There's a famous off-Broadway play called A Coupla White Chicks Sitting Around Talking, and Twelve Angry Men could be re-titled A Dozen White Dudes Sitting Around Talking. We are inside the locked jury room of a lower Manhattan court in 50s America, where the all-white, all-male jury are debating the fate of the black 16-year-old defendant who has just been tried for the murder of his abusive father. Not a lot happens; yet as Reginald Rose's carefully articulated and moodily staged drama unfolds, it holds the audience in a vice-like grip, as it imagines what happens behind-the-scenes of a jury who are literally about to make a life-or-death decision. (They are told that if they find the defendant guilty, the mandatory punishment is the death penalty).
Originally written for television in 1954, and later adapted as a feature film then for the stage, the play is a classic potboiler: as it lays out a fine, fierce argument around what the facts of the case might be, we become part of the jury room, too. At the beginning of the play, they vote 11 to 1 in favour of a guilty verdict; but as Martin Shaw's compelling Juror 8 suggests other possibilities, each of their original certainties gradually collapse.
If only he had been in the room when The Scottsboro Boys (whose real-life story is currently being told on the stage of the Young Vic in Kander and Ebb's blistering musical) were tried in 30s America.
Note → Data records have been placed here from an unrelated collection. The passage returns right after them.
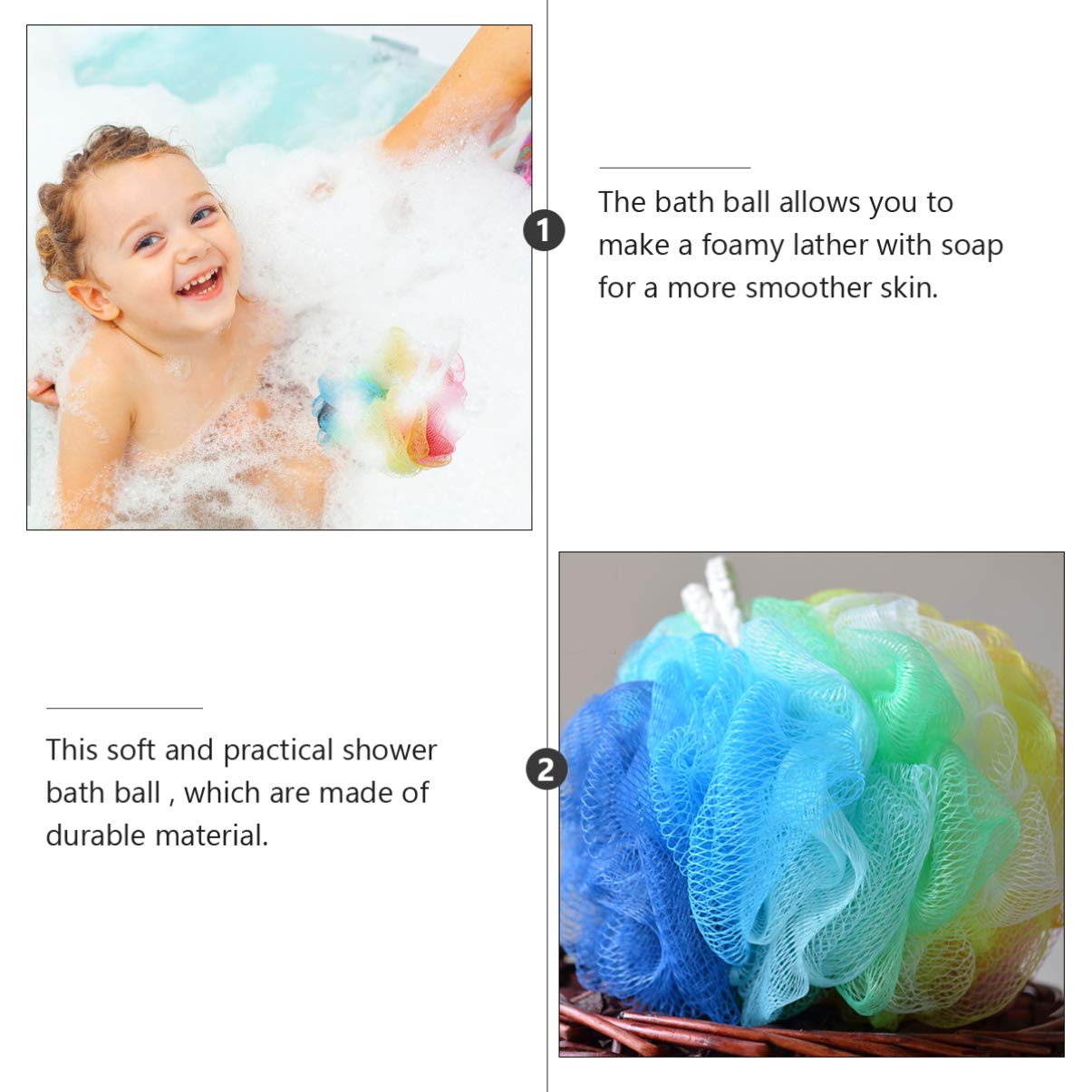 Exfoliating Loofah Sponges for Face & Body - 6 Pack Bath Sponge Balls, Mesh Shower Pouf, Bubble Making Scrubber for Men & Women - Spa, Shower & Bathroom Accessories - Perfect for Exfoliation & Relaxation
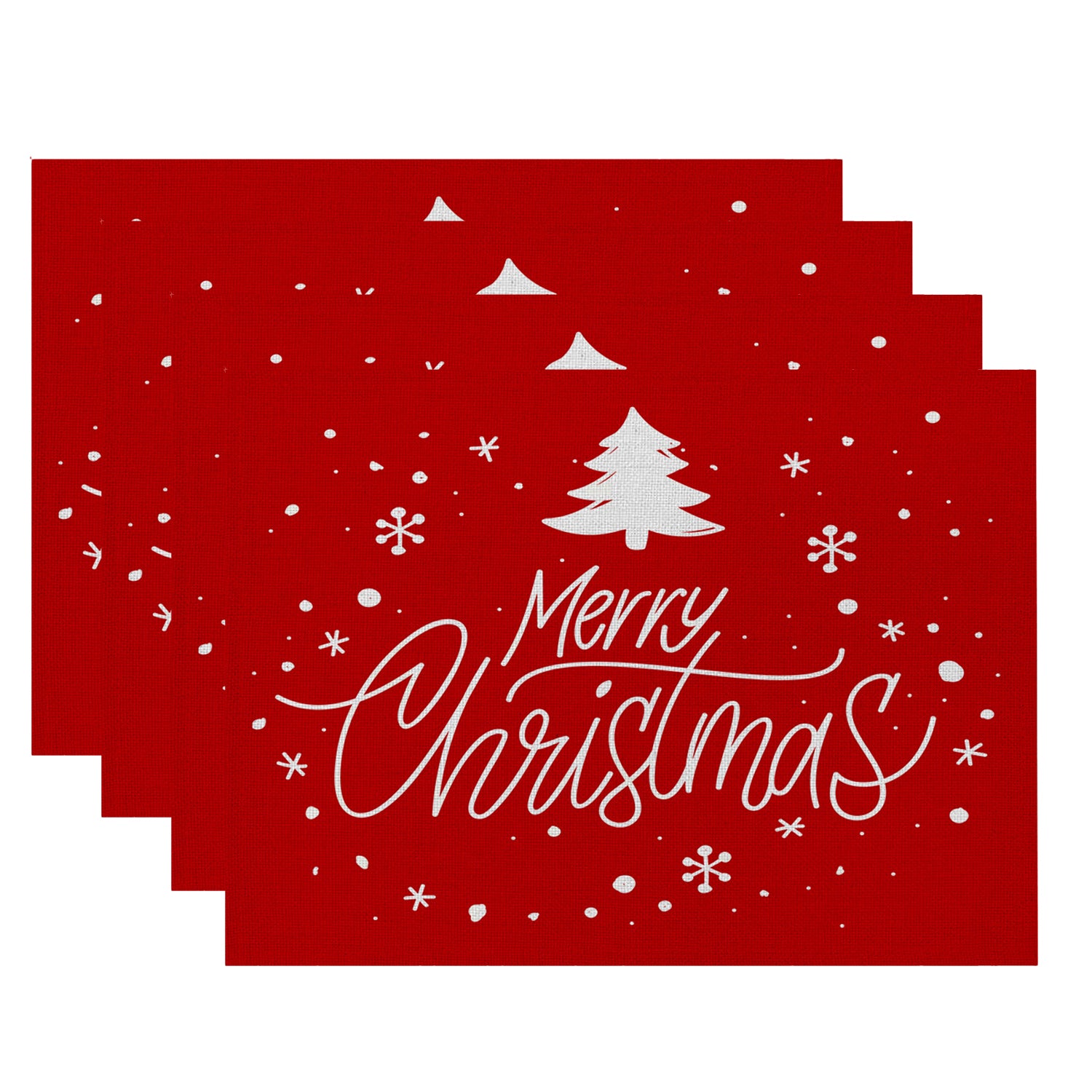 Merry Christmas Placemats for Dining Table, 12x18 Inch Winter Xmas Table Mats for Party Kitchen Dining Decoration Bn-link
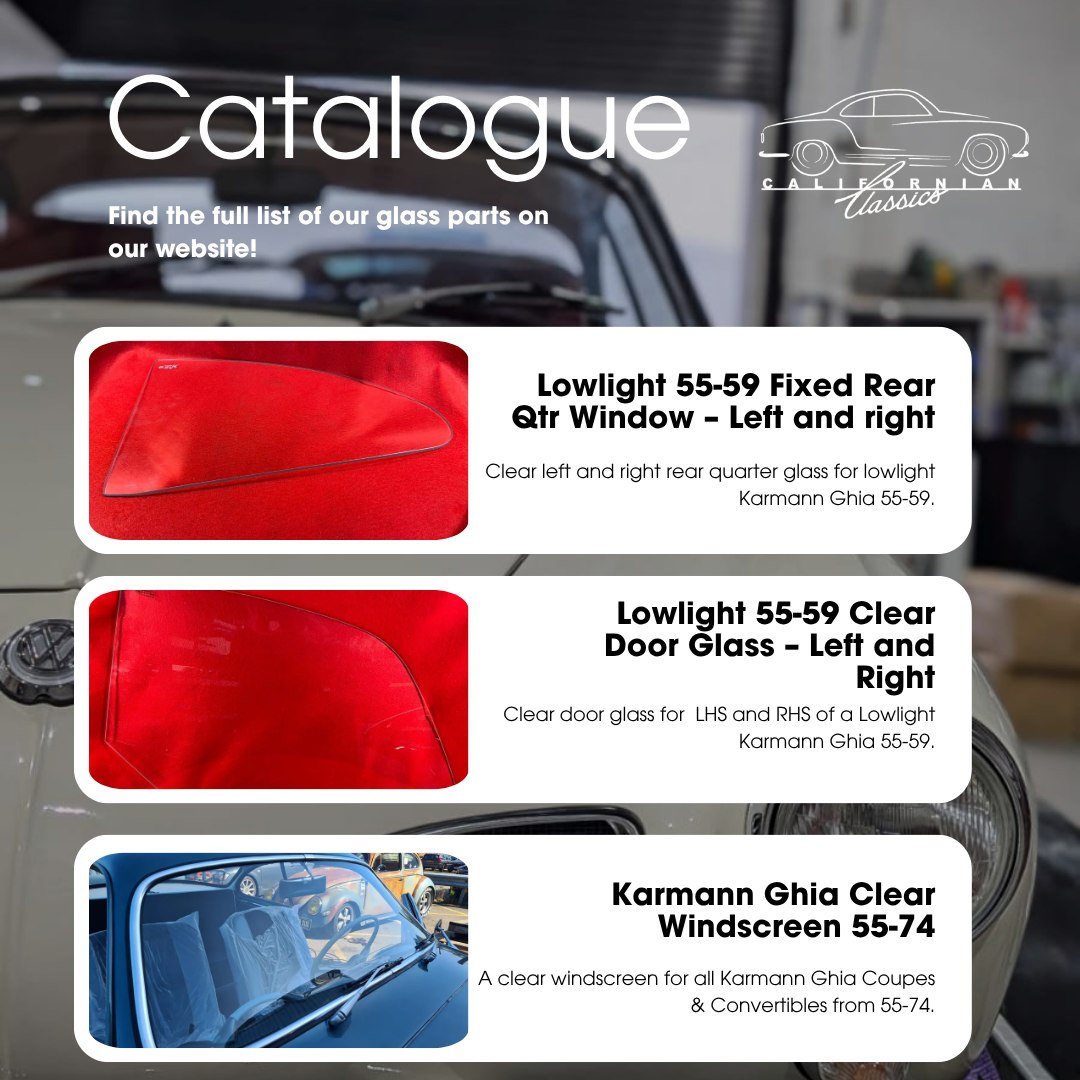 Californian - 🚘 New in our Catalogue! We stock high-quality clear glass ...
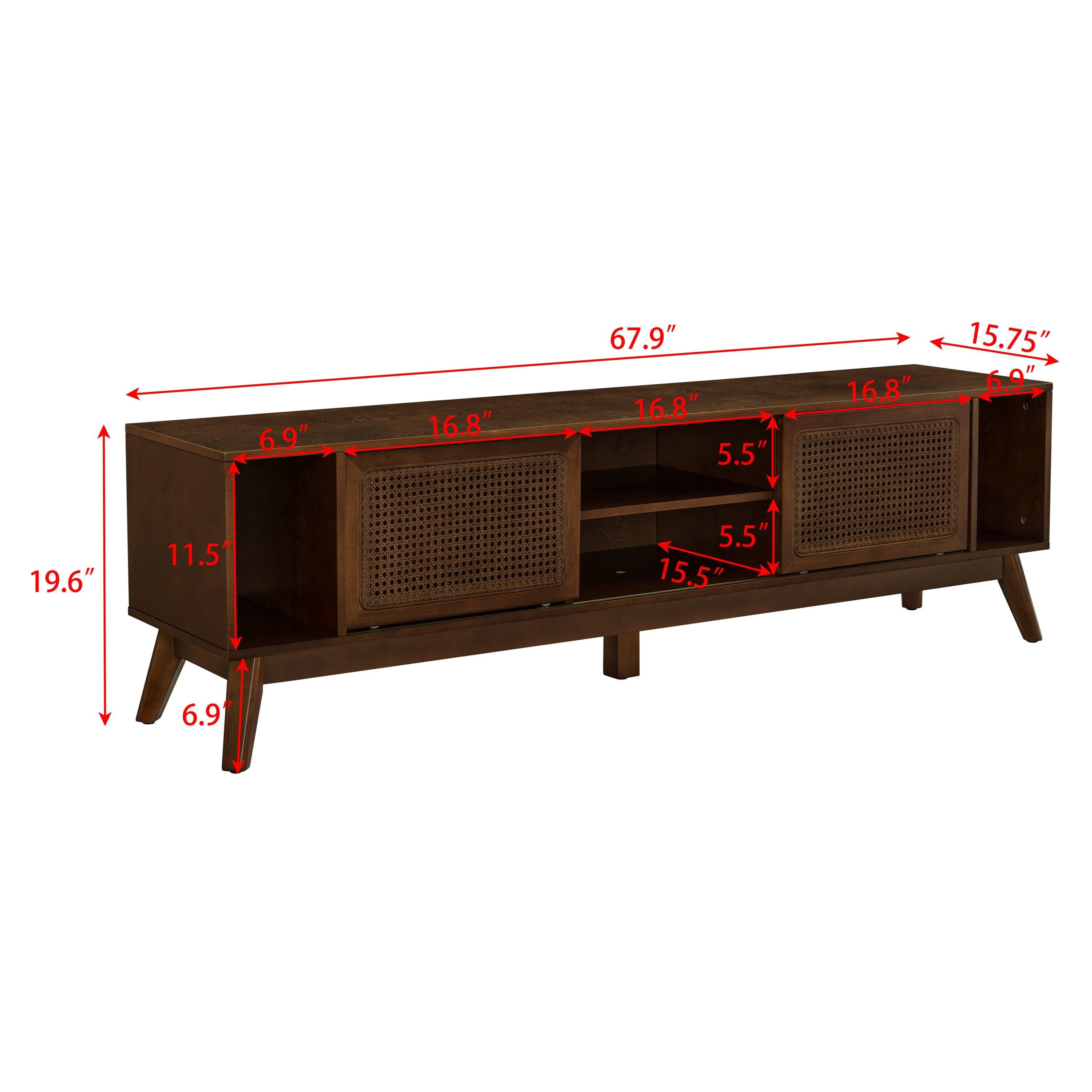 67.9 Inch Mid Century Modern Rattan Walnut TV Stand.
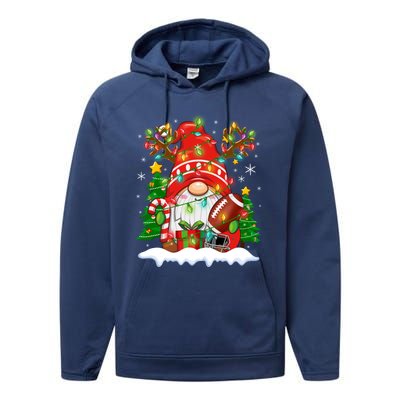 Funny Reindeer Gnome And Football Ball Christmas Lights Xmas Gift Performance Fleece Hoodie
But this play is told from the other side of the jury room, and looks at the intricate dynamics of a group of disparate men who are trying to decide the fate of a young man.
Played out in real time of just over two hours, it has a gripping theatrical conviction, and Christopher Haydon – artistic director of London's Gate Theatre who is making his West End debut here – orchestrates it superbly. Michaell Pavelka's setting of the jury table they sit around revolves imperceptibly to offer changing perspectives of the men, neatly mirroring their own altering perceptions on the case before them.
A quietly wonderful ensemble cast also do it rich justice as they eventually serve it, too. The star names are Martin Shaw, Nick Moran and American screen actors Jeff Fahey and Robert Vaughn, but each blends seamlessly and selflessly into the ranks, which also includes the equally splendid Edward Franklin, Miles Richardson and Owen O'Neill.
It is a noble, dignified addition to the West End roster.
" ... the drama’s neat, almost sentimental ending ... lingers in the mind long after the last curtain call."
Jane Shilling for Daily Telegraph
"... for all its high stakes and shouting matches, this is a nimble and frequently funny play."
Holly Williams for The Independent
"... gives a vivid impression of the way jurors allow their rooted prejudices and personal hang-ups to influence their verdict."
Michael Billington for The Guardian
"No great surprises, but good stuff and well done."
Patrick Marmion for The Daily Mail
"... with writing this strong it’s a clear case of it ain’t broke so don’t fix it."
Simon Edge for The Daily Express
"The end result is a lot of rather forced pacing about the too-large playing area, which fatally dissipates the tension of confrontation."